La solidarité entre les deux pays n’est pas tant religieuse – les Turcs sont majoritairement musulmans sunnites et les Azéris majoritairement musulmans chiites – que culturelle et économique : l’Azerbaïdjan fournit du gaz naturel à la Turquie, via un gazoduc passant par la Géorgie. Déjà à l’offensive sur de nombreux fronts – en Libye, en Méditerranée orientale ou en Syrie –, la Turquie a choqué de nombreuses capitales en envoyant en Azerbaïdjan des centaines de mercenaires syriens, pour la plupart recrutés dans les rangs djihadistes.
L’inquiétude de l’Iran
L’islam chiite est un facteur de rapprochement entre l’Iran et l’Azerbaïdjan, même si la culture de ce pays reste très laïque du fait de l’héritage soviétique. L’Iran, où vit une petite communauté arménienne d’environ 300 000 membres, entretient par ailleurs des relations économiques soutenues avec Erevan.
Dans le conflit du Haut-Karabakh, Téhéran défend « l’intégrité territoriale » azerbaïdjanaise. Mais l’envoi de djihadistes sur le terrain par la Turquie a fait sortir Téhéran de son apparente neutralité. « Il est inacceptable pour nous que certains veuillent transférer des terroristes de Syrie et d’autres endroits vers des régions proches de nos frontières », a prévenu le président Hassan Rohani. L’Iran s’inquiète aussi de l’impact du conflit sur sa population. La communauté azérie, qui comprendrait entre 20 et 30 millions de membres (sur 80 millions d’habitants), est en effet la première « minorité » du pays. Elle est bien plus importante que celle des Kurdes, des Arabes, des Baloutches ou des Arméniens.
Téhéran redoute que la solidarité avec Bakou ne réveille des velléités indépendantistes, contre lesquelles il lutte avec vigueur. Des manifestations pro-Azerbaïdjan organisées à Tabriz et Téhéran, aux cris de « Nous sommes azerbaïdjanais, le Haut-Karabakh nous appartient », ont d’ailleurs été rapidement dispersées.
Les peurs d’une internationalisation du conflit
Plusieurs fois depuis 1994, des affrontements ont eu lieu, rappelant que ce conflit n’était clairement pas « gelé ». « Mais, traditionnellement, ils avaient lieu entre l’Arménie et l’Azerbaïdjan, sous la surveillance de la Russie.
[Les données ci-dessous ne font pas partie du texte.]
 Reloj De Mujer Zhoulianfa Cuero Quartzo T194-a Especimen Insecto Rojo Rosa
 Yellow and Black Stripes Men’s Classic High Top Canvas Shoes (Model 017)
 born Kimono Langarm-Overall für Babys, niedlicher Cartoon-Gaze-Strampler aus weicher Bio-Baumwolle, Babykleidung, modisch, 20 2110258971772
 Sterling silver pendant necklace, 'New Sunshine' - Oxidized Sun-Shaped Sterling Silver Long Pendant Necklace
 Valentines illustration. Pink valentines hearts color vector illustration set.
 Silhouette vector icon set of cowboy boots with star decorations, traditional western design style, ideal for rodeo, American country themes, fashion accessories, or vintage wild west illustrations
Il s’agissait d’un conflit local, avec une dimension régionale assez réduite, sauf pour la recherche de son règlement sous l’égide du groupe de Minsk, coprésidé par la Russie, les États-Unis et la France », rappelle Michel Duclos. « Cette fois, l’intervention massive de la Turquie et d’Israël aux côtés de l’Azerbaïdjan change la donne du point de vue iranien, et sans doute aussi russe. »
Les intérêts des Occidentaux dans la région sont notamment économiques, avec l’exploitation des hydrocarbures de la mer Caspienne. Par la voix de son ministre des affaires étrangères Jean-Yves Le Drian, la France ne cesse d’alerter sur « la menace d’une escalade hors de contrôle ».
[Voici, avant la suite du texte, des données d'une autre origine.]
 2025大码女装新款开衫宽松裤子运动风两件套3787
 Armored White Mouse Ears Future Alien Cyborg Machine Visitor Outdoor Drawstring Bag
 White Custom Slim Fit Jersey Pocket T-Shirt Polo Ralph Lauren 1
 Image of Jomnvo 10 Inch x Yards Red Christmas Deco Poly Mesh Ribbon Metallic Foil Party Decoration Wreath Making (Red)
Vendredi 9 octobre, le président russe Vladimir Poutine a obtenu un fragile cessez-le-feu des deux belligérants, qui n’a pas permis de mettre fin aux hostilités. « Peut-être seront-ils obligés cette fois de coopérer avec les Turcs, un peu sur le modèle du processus d’Astana mis en place pour la Syrie et incluant Russie, Turquie et Iran », s’interroge Michel Duclos. Une transposition de cette formule au Caucase du Sud signerait l’échec du groupe de Minsk.